A rather less formal (Australian) occasion of the bell ringing for an acquittal is cited in a rather 'close to the edge' song I did publish in Mulga Wire ... about 150 2-monthly issues back! (Yike ... That's 25 years ago!)

The song is by one of Sydney's less than reverent songwriters, John Dengate ... and sets out to flesh out a short, collected, portion of a song from the time of the events (~ 1913 ... ?), when the local young men in the New South Wales country town of Binalong, decided to disturb the order of things, by which the town's dances maintained a social divide - either a chalk line through the centre of the hall to keep the common folk in the outer darkness ... or the closed events that didn't allow hoi polloi.

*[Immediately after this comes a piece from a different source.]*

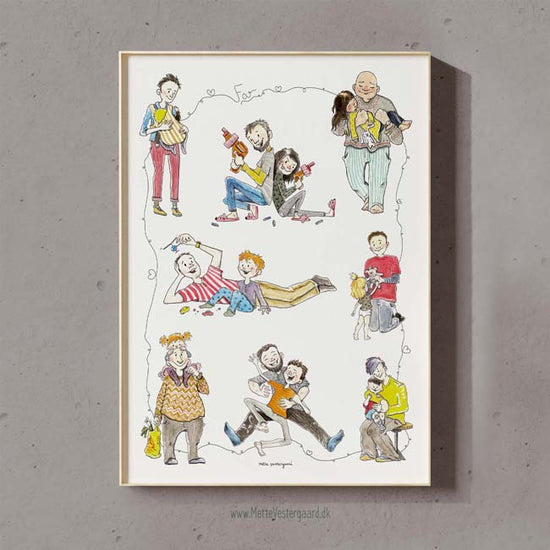 Plakat til fædre med 8 illustrationer af fædre sammen med deres børn. Sød plakat til en far.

The tactic selected was extreme: during an invitation-only ball, toilet pans from the local hotel were conveyed to the hall and thrown in the windows - thus the song's title: The Shit Flung on the Floor! Several local lads were arrested ... on the sole testimony of one woman who had been outside the hall at the time and claimed to have recognised some of them. Apparently the father of one of these lads actually had enough money to hire a Sydney lawyer ... and, when he pressed the woman as to what she was doing outside the hall - and with whom - she refused to answer and the case collapsed.

Supporters of the accused then rang the courthouse bells, as in John's song:

"... So the courthouse bells are ringing
And the Binalong boys are singing,
For the shit flung on the floor!"

I guess this tends to support the idea of a tradition whereby the courthouse bells would be used to signal important events ... even if this time was not sanctioned by the court.

(Errr ... I could post the song ... though I might be cutting a bit close to John Mehlberg's territory!)